The cause of the peasant revolt is the collapse of the prices of agricultural products (cotton, wheat etc.) because of the world capitalist crisis and its deflationary trends. Between the Greek small farmers and the market, an oligarchy of middle men and multinational food industries is reigning, buying very cheap from the farmers and selling in very high prices to the consumers in the cities. The collapse of the prices commodities under the impact of the current world capitalist crisis opened the “scissors” between the low prices paid to the producers and the high prices (and profits) of the middle men and the food industries. Until recently the gap was filled by subsidies provided by the EU. Now, the crisis drives a drastic cut in subsidies. Furthermore, the Common Agricultural Policy (CAP) has as a target to diminish the space occupied by agriculture in countries like Greece. While at the end of the 40s the peasantry was the majority of the Greek population, now it is less than 18 per cent and continues to shrink; the EU target for Greece is to reduce the peasantry to a 5 per cent of the working population.

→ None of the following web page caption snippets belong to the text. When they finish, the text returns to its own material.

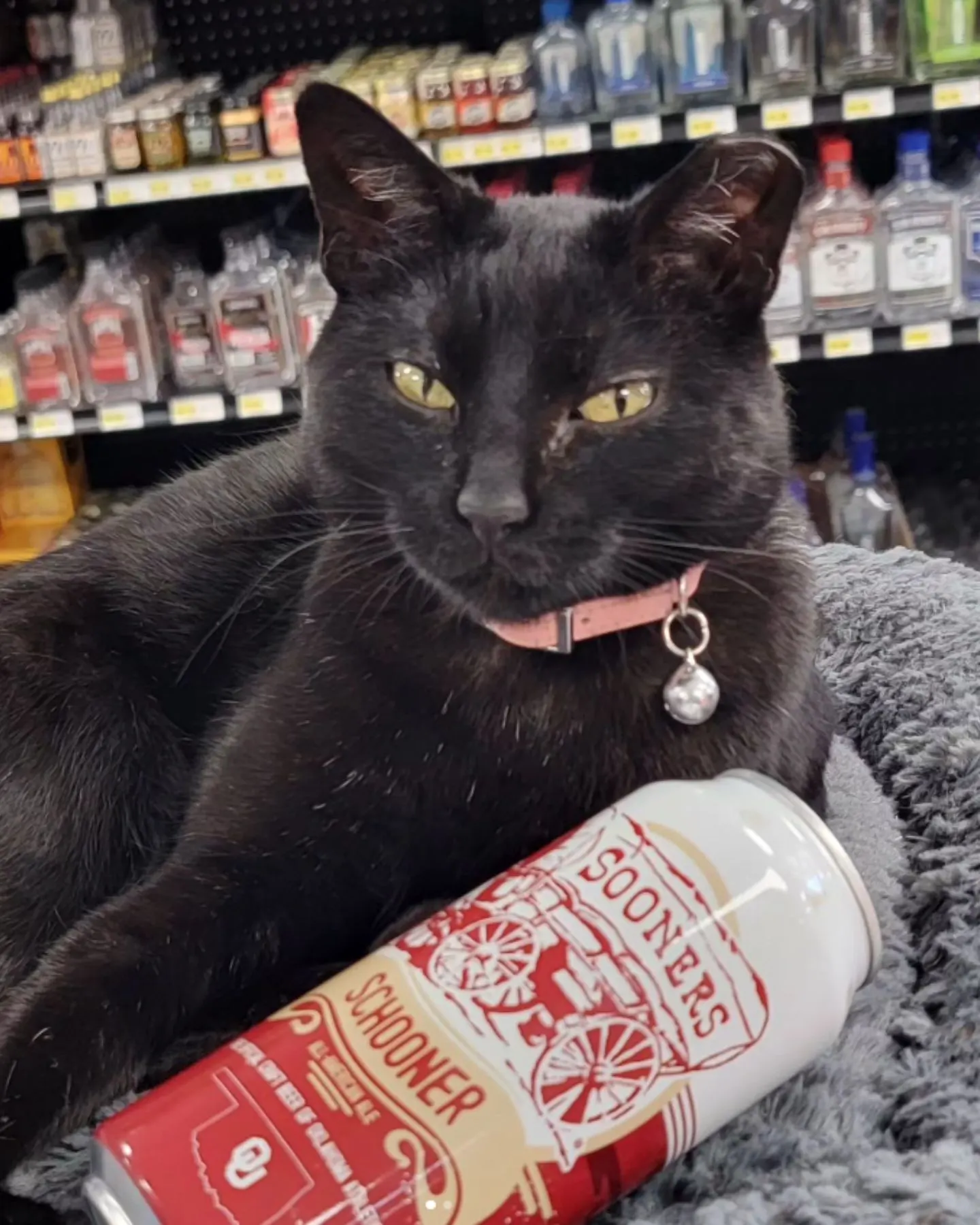 portrait of a black cat with a bottle of beer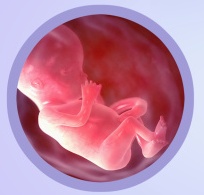Development of baby at 13 weeks pregnant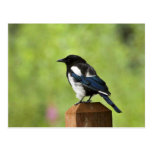 Black-billed magpie postcards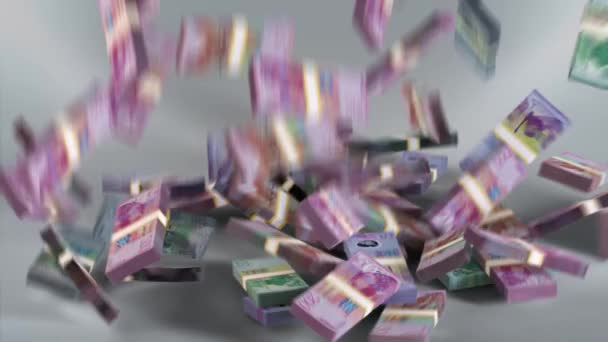 Tom Principe Banknotes Money Dobra Currency Stn Bundles Falling — 图库视频影像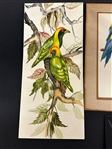 Group of Bird Paintings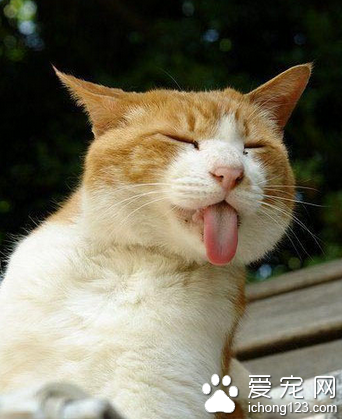 这个猫咪爱耍宝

The peasants in revolt demand that the gap of prices, the enormous costs and accumulated debts of their production should be subsidized by the State- something forbidden by the EU and CAP. The demanded sum amounts to 4-5 billion euros. The Karamanlis government, already shaken by a huge economic/political crisis and by the recent popular revolt following the assassination of young Alexis, has promised to the peasants to give them half a billion euros. For that sum the government will take a new loan from the international banks in conditions of credit crunch. Such a move cannot satisfy the peasants, it will add more burdens on an over-indebted capitalist economy virtually bankrupt, and it will be followed by heavy fines by the EU because of the break of regulations. The ruling class is divided on that issue. The peasants themselves have rejected so fat this governmental offer.
It is important to notice that the large majority of these peasants in revolt have supported in the last two elections the right wing New Democracy, as they had clashed in the last decade with the agricultural policies of the previous PASOK governments. So, it is the political bases of both bourgeois parties alternating in power that are disintegrating. What we have here is a regime crisis.
The solution to the problems of the impoverished labouring peasantry could come only from the workers in the cities in a common struggle to make the capitalists pay for the crisis, not the rural and urban poor; to expropriate the middle men and the food private companies, nationalize the land and forming real peasants cooperatives connected with workers’ committees in the cities, planning the economy according to social needs. Against the CAP and the EU only a revolutionary struggle of workers and poor peasants can be effective, to finish with this imperialist alliance of big capital, for the Unites Socialist States of Europe.
In other fronts, now: a General Strike and demonstration of the public sector workers will take place on January 28. Turmoil in Universities continues particularly in defense of the right to asylum, to forbid intrusion of the police in the university space.
Last but not least, the campaign in solidarity to Kostandina Kuneva and against the super-exploitation of immigrant and local workers escalates and expands beyond the borders of Greece. In France and in Europe a petition for Kostandina is signed by personalities of the intelligentsia such as the well known philosopher Alain Badiou. A new march for Kostandina will take place in Piraeus on January 30th.